Malásia e Indonésia bloqueiam o Grok; Filipinas anuncia adesão ao bloqueio
Governos do Sudeste Asiático passaram a restringir o acesso ao Grok, aplicativo de inteligência artificial ligado a Elon Musk, após uma onda de denúncias de uso para criar imagens sexualizadas e não consensuais. A Indonésia bloqueou o serviço em 10 de janeiro de 2026; a Malásia impôs restrição temporária em 11 de janeiro; e as Filipinas informaram em 15 de janeiro que irão implementar o bloqueio imediato via provedores locais.
Contexto e cronologia
Em 10 de janeiro de 2026, o Ministério das Comunicações e Digital da Indonésia anunciou a suspensão do acesso ao Grok, citando riscos de conteúdo pornográfico gerado por IA e a necessidade de proteger mulheres e crianças. No dia seguinte, 11 de janeiro, a Comissão de Comunicações e Multimídia da Malásia (MCMC) determinou restrição temporária ao Grok, apontando repetido mau uso da ferramenta e respostas consideradas insuficientes por parte das empresas responsáveis.
Em 15 de janeiro de 2026, o secretário de Tecnologia da Informação e Comunicações das Filipinas afirmou que o país vai se juntar a Malásia e Indonésia no bloqueio, com ordem para que todos os provedores de internet apliquem a medida de forma imediata.
Antes desses casos no Sudeste Asiático, a Turquia já havia determinado, em 2025, o bloqueio de conteúdos do Grok por decisão judicial após controvérsia sobre respostas consideradas ofensivas.
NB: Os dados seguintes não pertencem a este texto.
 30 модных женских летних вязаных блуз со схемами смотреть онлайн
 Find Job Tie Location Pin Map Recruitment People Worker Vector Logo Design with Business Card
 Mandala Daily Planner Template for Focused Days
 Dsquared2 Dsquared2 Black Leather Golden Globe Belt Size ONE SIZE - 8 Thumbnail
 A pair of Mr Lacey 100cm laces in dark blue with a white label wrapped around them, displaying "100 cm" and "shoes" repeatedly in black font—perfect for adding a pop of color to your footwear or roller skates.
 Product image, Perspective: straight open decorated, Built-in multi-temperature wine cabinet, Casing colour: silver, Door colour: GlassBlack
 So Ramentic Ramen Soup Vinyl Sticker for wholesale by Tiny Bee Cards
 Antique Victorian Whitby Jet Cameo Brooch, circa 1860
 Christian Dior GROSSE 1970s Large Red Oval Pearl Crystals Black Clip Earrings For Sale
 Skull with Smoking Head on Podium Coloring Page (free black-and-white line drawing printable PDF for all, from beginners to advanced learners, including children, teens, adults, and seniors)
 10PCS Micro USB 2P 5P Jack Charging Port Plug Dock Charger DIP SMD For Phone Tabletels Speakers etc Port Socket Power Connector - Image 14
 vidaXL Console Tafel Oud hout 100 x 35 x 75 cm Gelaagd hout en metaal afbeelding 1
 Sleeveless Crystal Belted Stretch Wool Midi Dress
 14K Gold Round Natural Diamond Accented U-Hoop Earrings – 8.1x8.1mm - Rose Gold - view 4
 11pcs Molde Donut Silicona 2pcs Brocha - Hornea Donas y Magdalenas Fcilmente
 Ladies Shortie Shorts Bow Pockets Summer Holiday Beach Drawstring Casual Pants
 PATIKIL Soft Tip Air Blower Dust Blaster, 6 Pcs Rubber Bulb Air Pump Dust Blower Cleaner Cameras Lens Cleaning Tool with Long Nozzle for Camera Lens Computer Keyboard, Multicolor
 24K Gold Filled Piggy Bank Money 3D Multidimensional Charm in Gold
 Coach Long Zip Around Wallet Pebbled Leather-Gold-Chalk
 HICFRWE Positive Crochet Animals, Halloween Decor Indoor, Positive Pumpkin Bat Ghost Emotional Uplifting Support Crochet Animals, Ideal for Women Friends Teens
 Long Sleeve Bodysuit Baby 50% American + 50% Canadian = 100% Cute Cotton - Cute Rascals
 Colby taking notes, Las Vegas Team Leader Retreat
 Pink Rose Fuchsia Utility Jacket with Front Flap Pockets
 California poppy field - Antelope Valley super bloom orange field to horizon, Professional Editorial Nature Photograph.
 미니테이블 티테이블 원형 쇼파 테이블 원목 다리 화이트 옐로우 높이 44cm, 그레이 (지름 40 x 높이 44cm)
O que motivou os bloqueios
As autoridades apontam o uso do Grok para gerar imagens manipuladas e sexualizadas de pessoas reais, inclusive de menores, sem consentimento. Na Malásia, o regulador destacou que notificou as empresas envolvidas e exigiu salvaguardas técnicas e de moderação mais eficazes, mantendo a restrição até que tais medidas estejam implementadas. A Indonésia classificou os chamados “deepfakes” não consensuais como violação grave de direitos e dignidade no ambiente digital.
Resposta das plataformas
Após a escalada de críticas, em 14 de janeiro de 2026 a xAI comunicou que passaria a geobloquear a edição de imagens do Grok em locais onde tal prática seja ilegal e que limitaria a criação/edição de imagens a contas pagas, alegando facilitar a responsabilização por abusos. Mesmo assim, os governos da região mantêm investigações e exigem comprovação de salvaguardas antes de rever as restrições.
Impactos e alcance
As medidas afetam diretamente usuários e criadores de conteúdo nos países envolvidos, que ficam sem acesso aos recursos de geração e edição de imagens do Grok. Para o ecossistema de tecnologia, os bloqueios elevam a pressão por controles técnicos mais rigorosos, auditorias independentes e respostas rápidas a denúncias. Operadoras e provedores locais também passam a atuar na execução das ordens de bloqueio, enquanto anunciantes e marcas revisam políticas de risco reputacional vinculadas a ferramentas de IA.
Próximos passos
A Malásia sinalizou que discutirá o tema com representantes da plataforma, mas condiciona a retomada do acesso a salvaguardas eficazes. Nas Filipinas, a implementação do bloqueio será operacionalizada pelos provedores. Outros países asiáticos monitoram o caso e podem adotar medidas semelhantes se não houver melhorias consistentes nas barreiras contra conteúdo ilegal. Até lá, os bloqueios permanecem em vigor na Indonésia e na Malásia, com adesão anunciada pelas Filipinas.